MENGUNJUNGI Ende, Flores, NTT belum dirasa lengkap apabila belum menikmati matahari terbenam di ujung pelabuhan laut Ende. Pelabuhan laut Ende baru saja dua tahun lalu, 12 Mei 2014, diganti dengan nama Pelabuhan Bung Karno. Pemberian nama pelabuhan yang terletak di Kelurahan Rukun Lima, Kecamatan Ende Selatan, ini sebagai kenangan akan Bung Karno, menemukan lima butir Pancasila di Ende, 1934-1938.
Tidak seperti pelabuhan laut lain, pelabuhan Bung Karno menyajikan keindahan yang tak mudah diungkap dengan kata-kata. Menyaksikan semburat sinar senja di ufuk barat, terlihat seperti gadis muda malu-malu mengintip dari balik gunung Ebulobo sana, berkasnya membias, membentuk sorotan kuning kemerahan di sisi Pulau Ende, lalu hilang merayap bersama temaram yang menggusur pergi. Keindahan ini hanya dari pelabuhan Bung Karno Ende kita bisa berdecak kagum.

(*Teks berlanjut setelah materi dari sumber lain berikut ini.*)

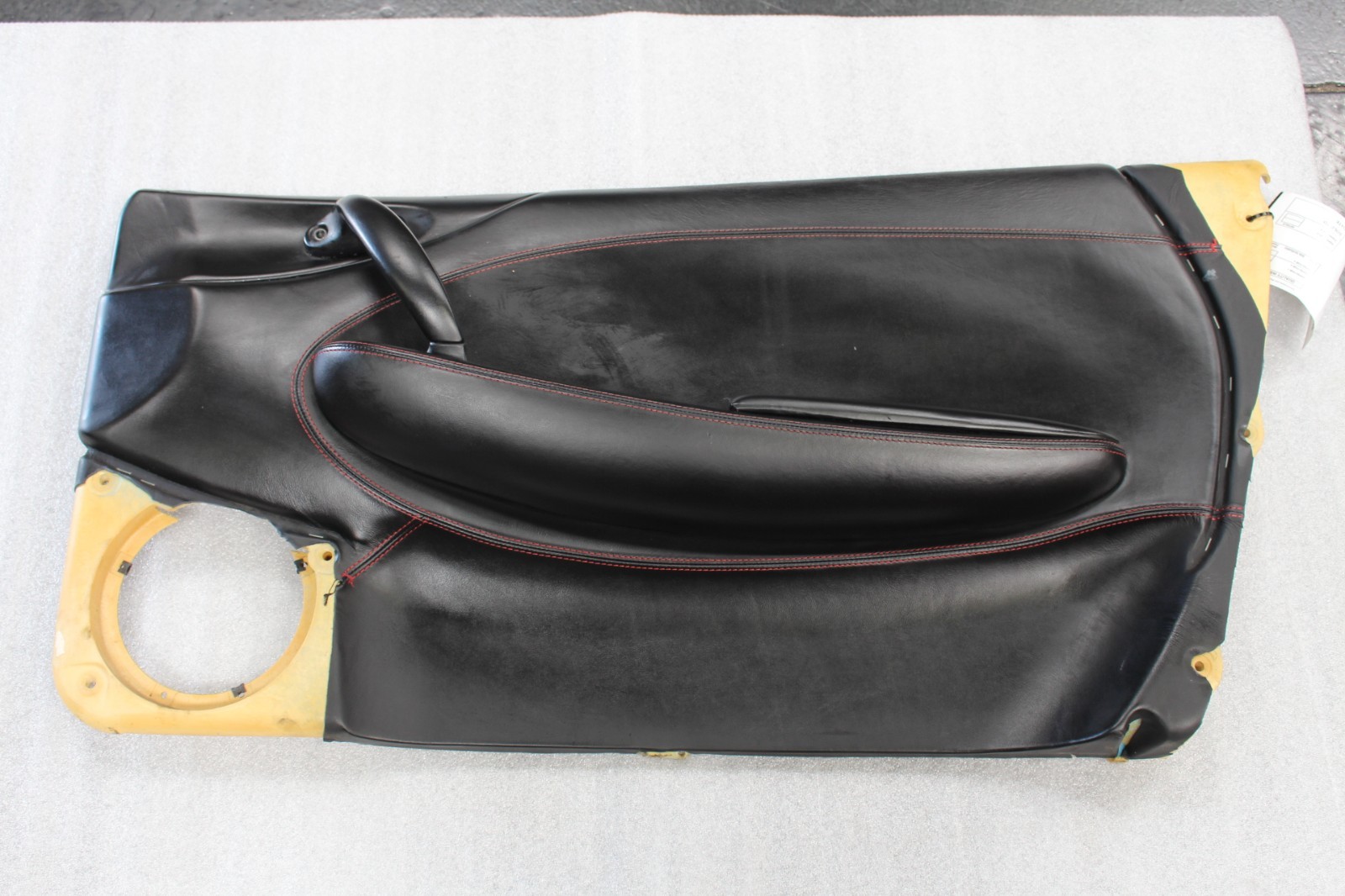 Ferrari 360 RIGHT Door panel P/N 65007500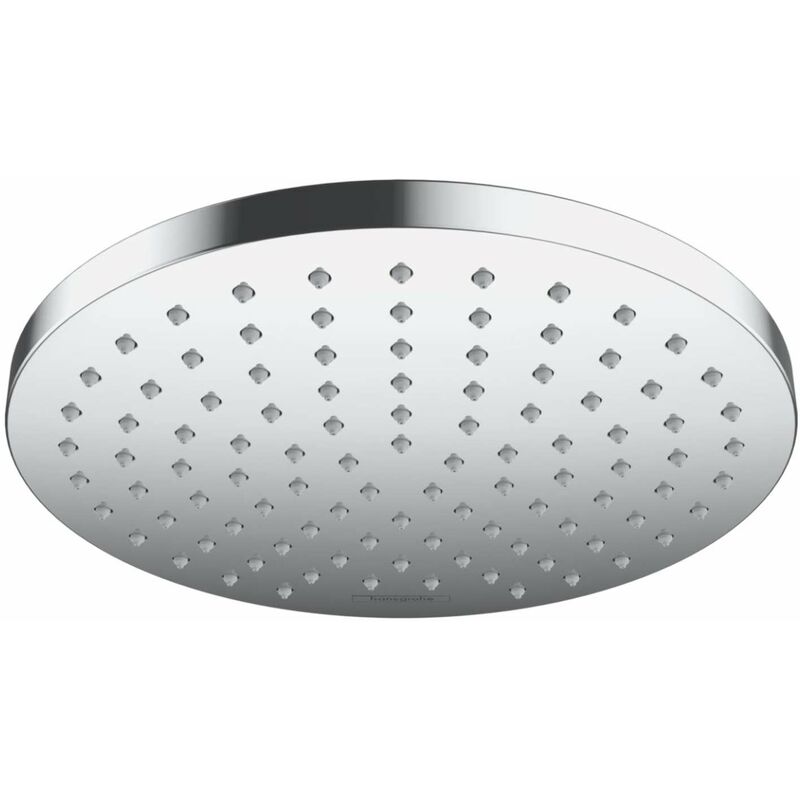 Hansgrohe Vernis Blend Overhead Shower 200 1jet Chrome 26271000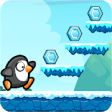 Icon of program: Penguin Run Adventure: pe…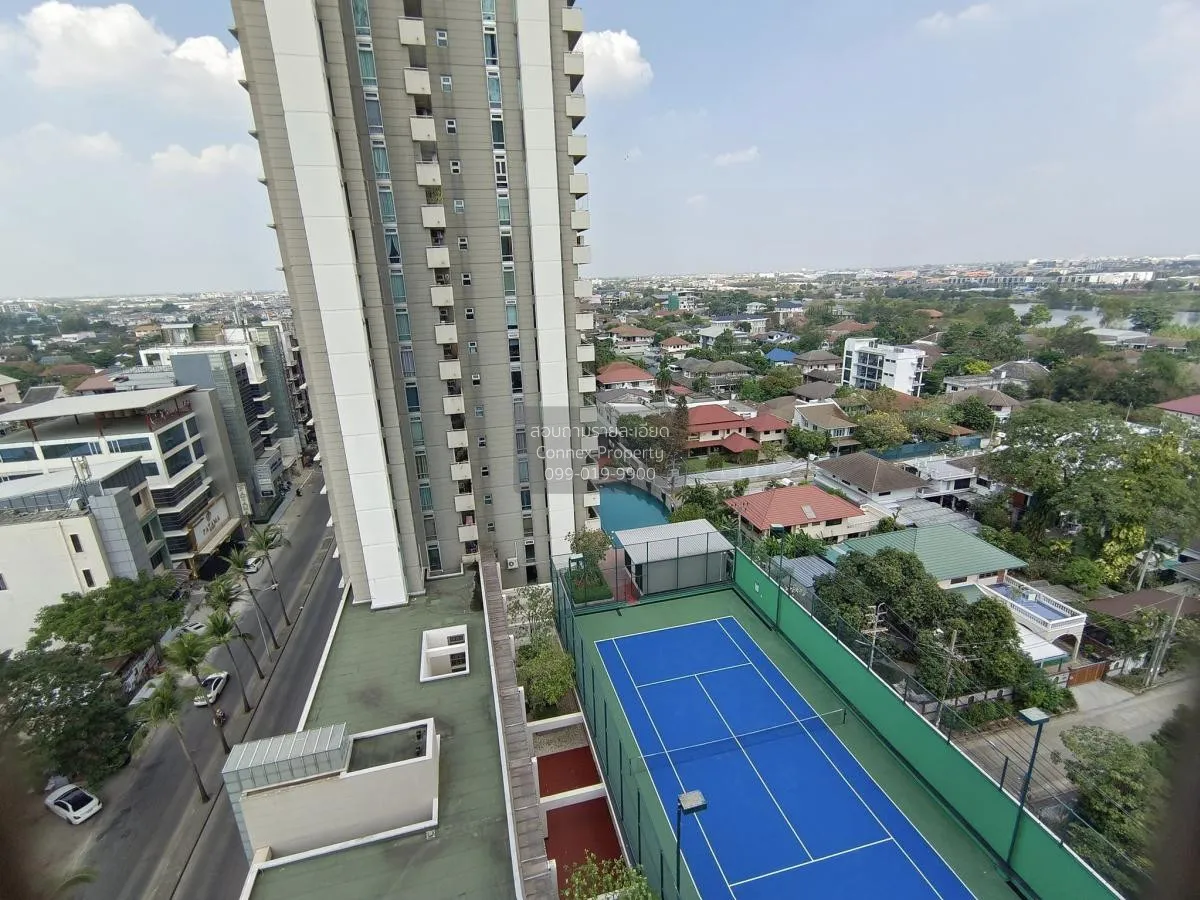 เช่าคอนโด  เดอะเลค คอนโดมิเนียม เมืองทอง ปากเกร็ด ปากเกร็ด นนทบุร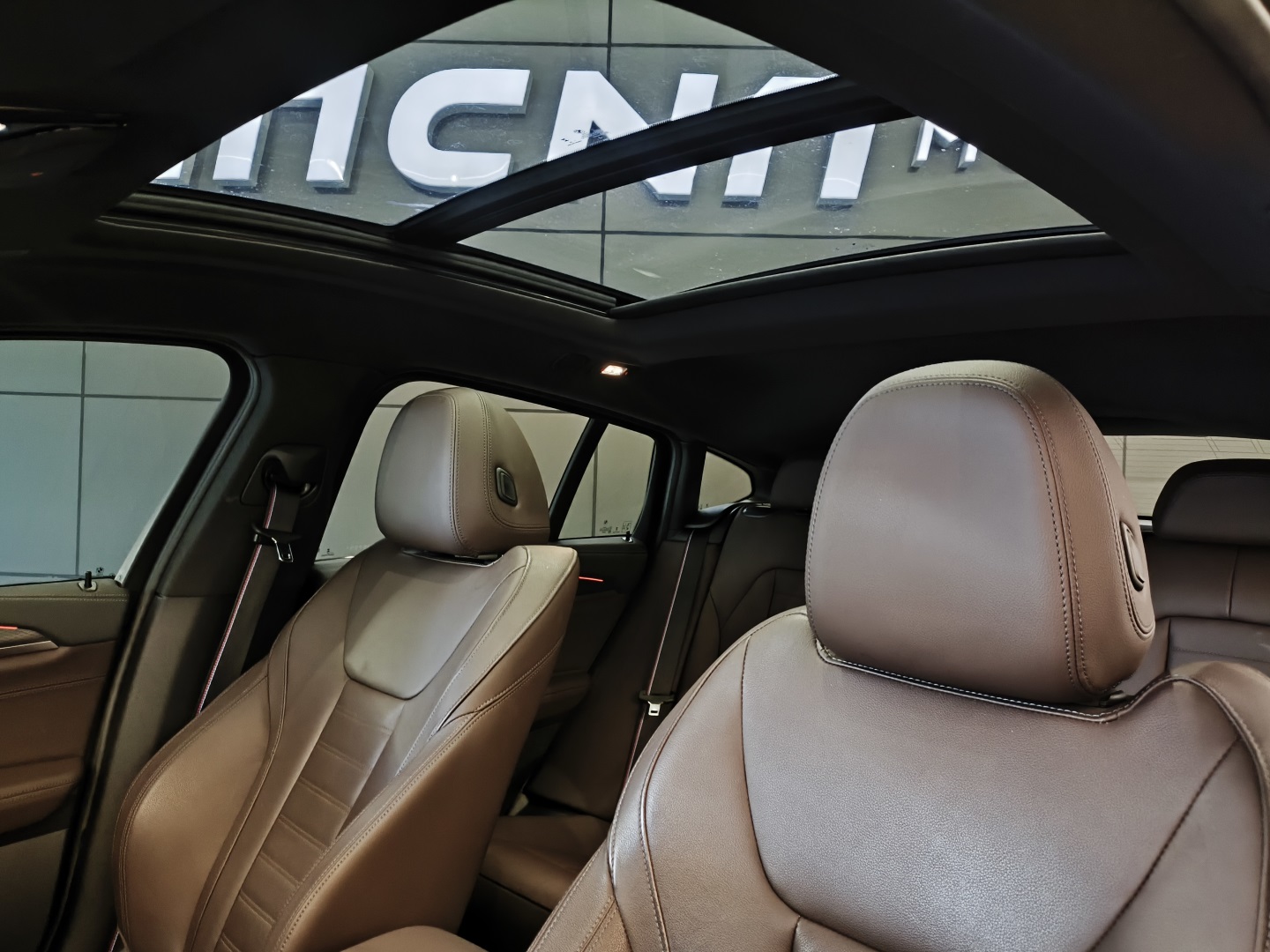 BMW X4 2.0 16V GASOLINA XDRIVE20I M SPORT STEPTRONIC - foto 6
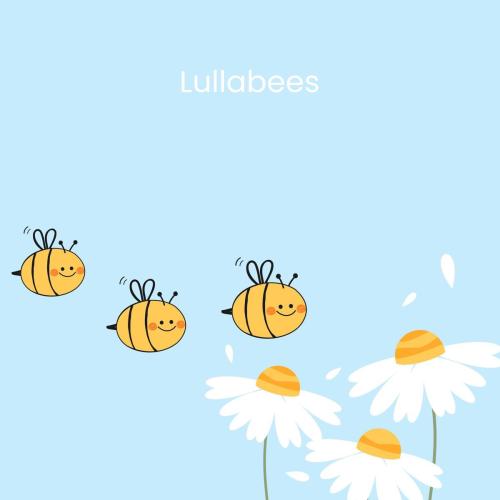 Lullabees - London Bridge Is Falling Down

Kini, pelabuhan Bung Karno semakin ramai dengan kehadiran KM Mila Utama dan KM Mahkota Nusantara. Dua kapal jenis roro ini yang mengangngkut penumpang dan barang dari dan ke Surabaya ini pun sangat ramah dengan warga Kota Ende yang ingin melihat dari dalam. Lebih dari sekali saya ikut bersama warga lain yang berbondong-bondong, masuk ke dalam KM Mahkota Nusantara. Hanya sekedar melihat-lihat secara lebih dekat. Yah, namanya saja orang gunung seperti saya pasti jarang melihat kapal besar. Ini semacam obyek wisata baru. Beberapa warga asyik berselfi-ria. Saya pun senang, akhirnya bisa melihat kota Ende dari atas kapal itu.
Dan saya pun ikut pulang. Singgah sebentar menikmati kopi Kelimutu racikan petani Desa Golulada, Kecamatan Detusoko di Pantai Ria – persis sepelemparan batu dari pelabuhan Bung Karno. Nikmatnya sangat berani. Ditemani pisang goreng gurih dan renyah. Serasa saya sedang menyentuh bibir surga.